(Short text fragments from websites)
--------------------------------------------------
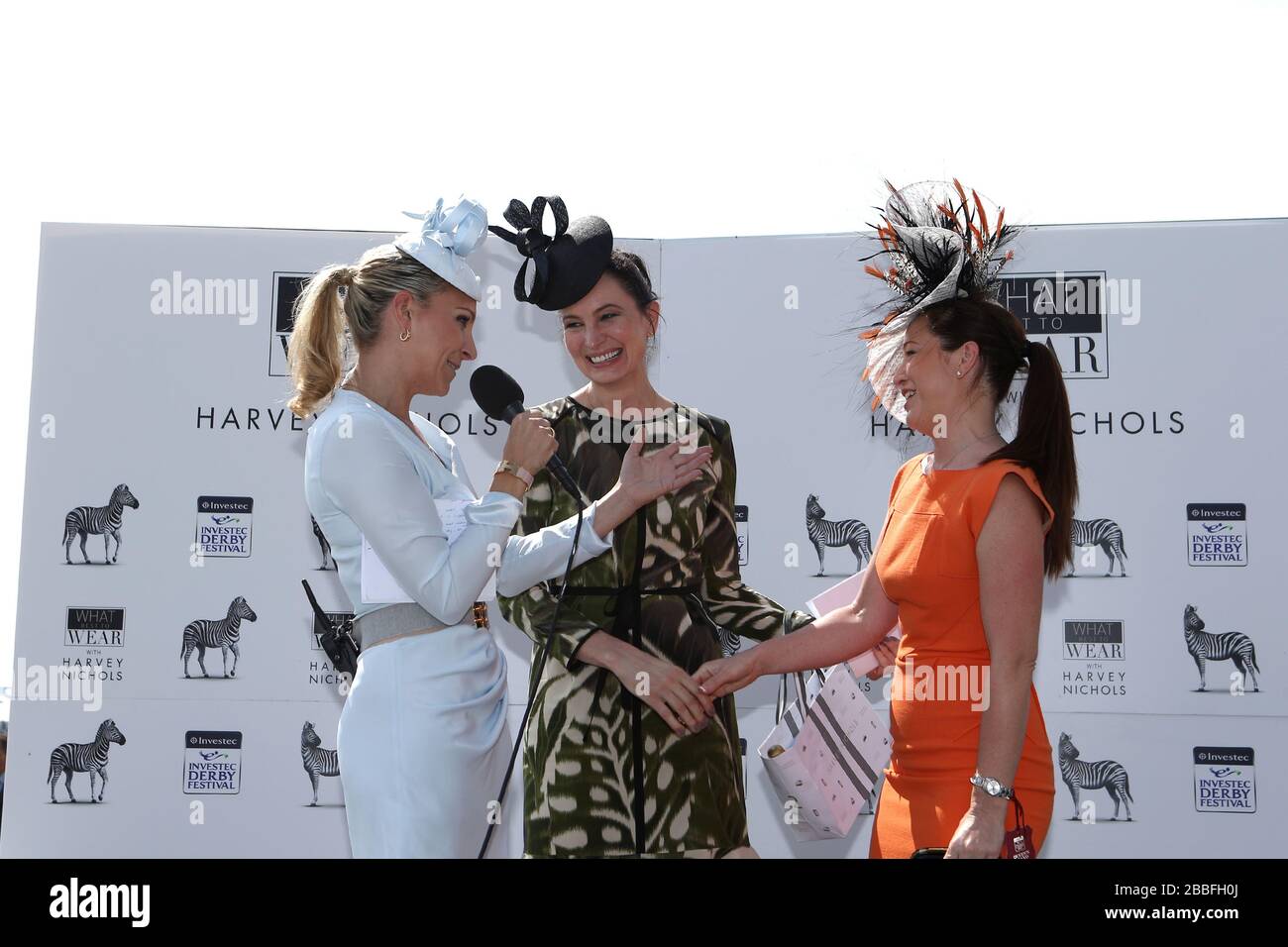 Winner of the What Best to Wear competition, in partnership with Harvey Nichols, Leigh Johnson from Chichester (right) celebrates her win alongside Channel 4 Commentator Emma Spencer (far left) and Paula Reed, Group fashion director at Harvey Nichols Stock Photo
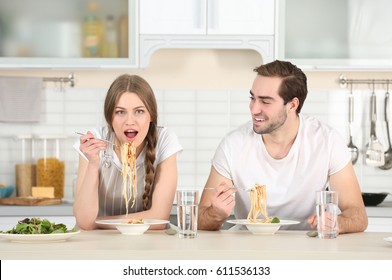 Young Couple Eating Pasta On Kitchen Table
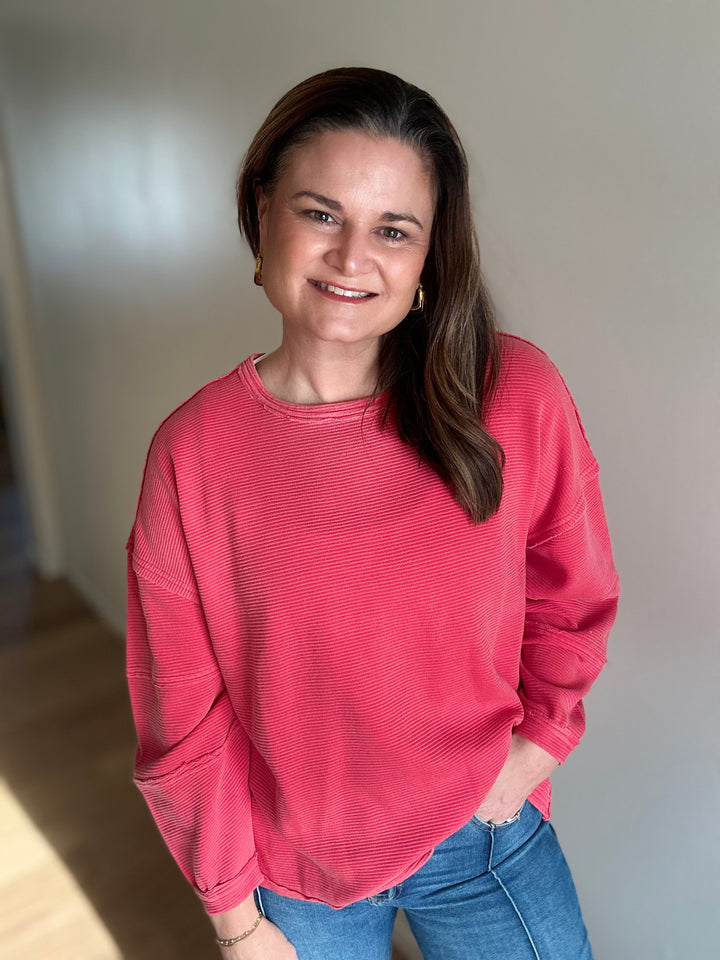 Woman wearing a pink sweater and blue jeans standing against a plain wall.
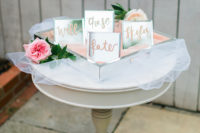 The mini place cards are mirror ones with pink frosting
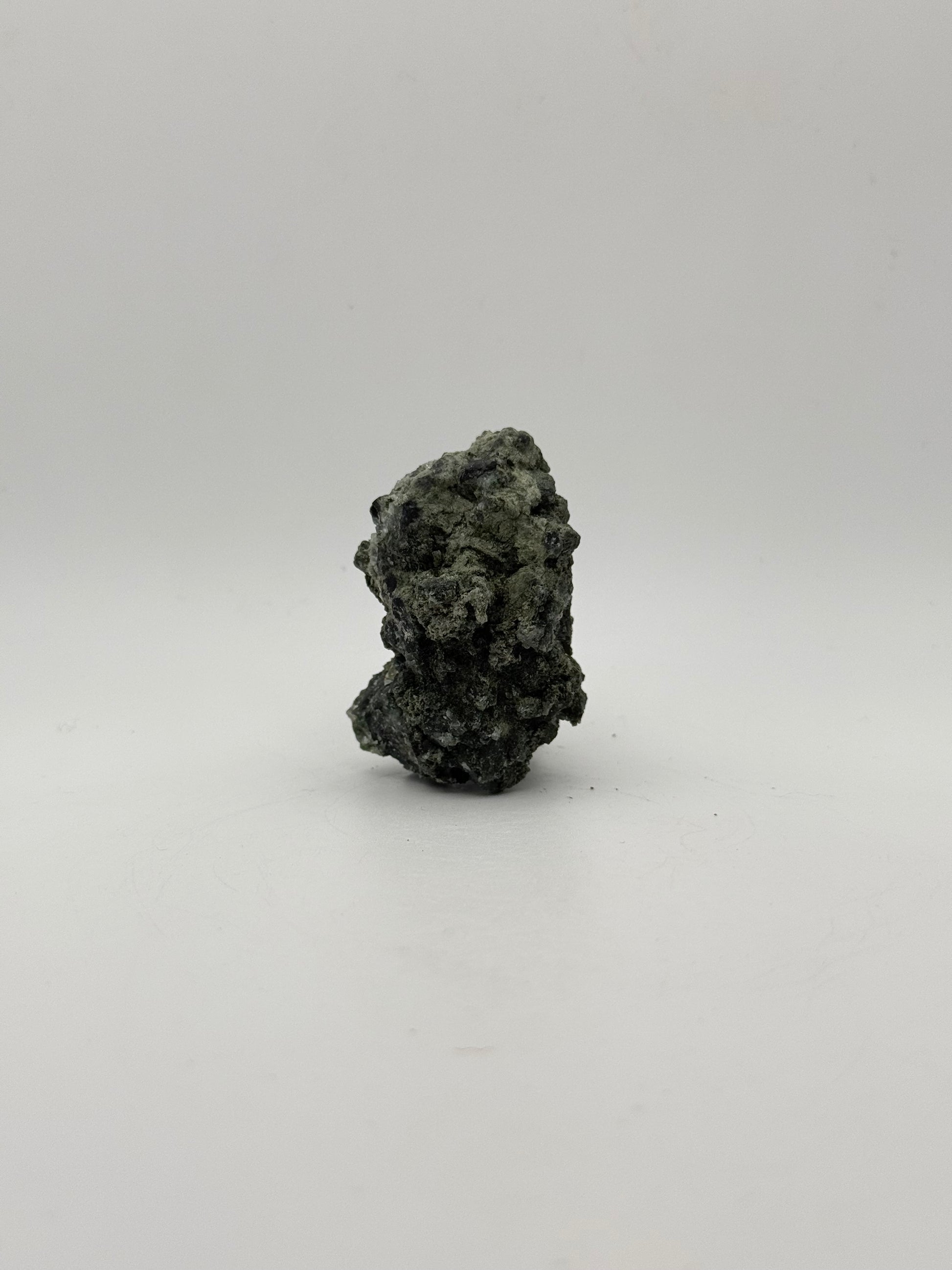 Raw prehnite specimen with amazing green color.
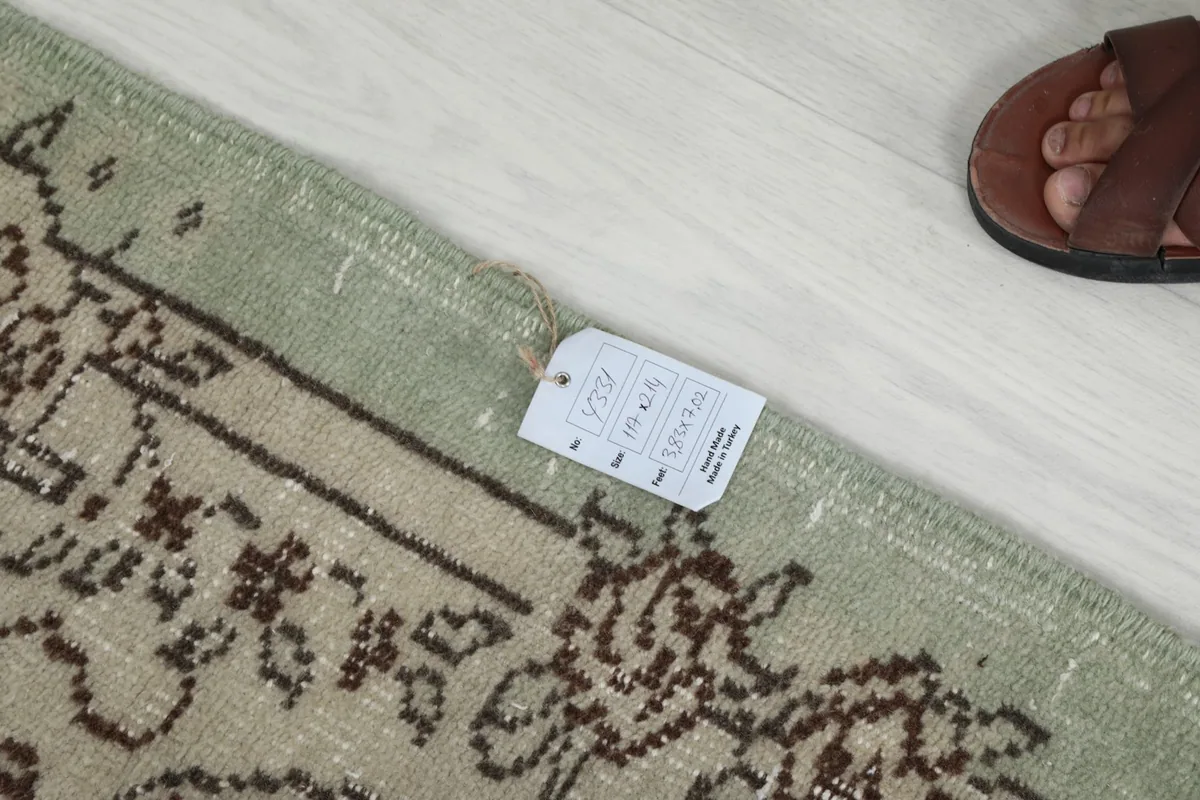 Detail of the rug's edge with a product tag, showing the muted green hue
--------------------------------------------------
(About this task)
What is the exact wording of the lines from the one bearing "Woman wearing a" through the final line of the records above? Write it out without the pictures.

(Response to the task)
 Woman wearing a pink sweater and blue jeans standing against a plain wall.
 The mini place cards are mirror ones with pink frosting
 Raw prehnite specimen with amazing green color.
 Detail of the rug's edge with a product tag, showing the muted green hue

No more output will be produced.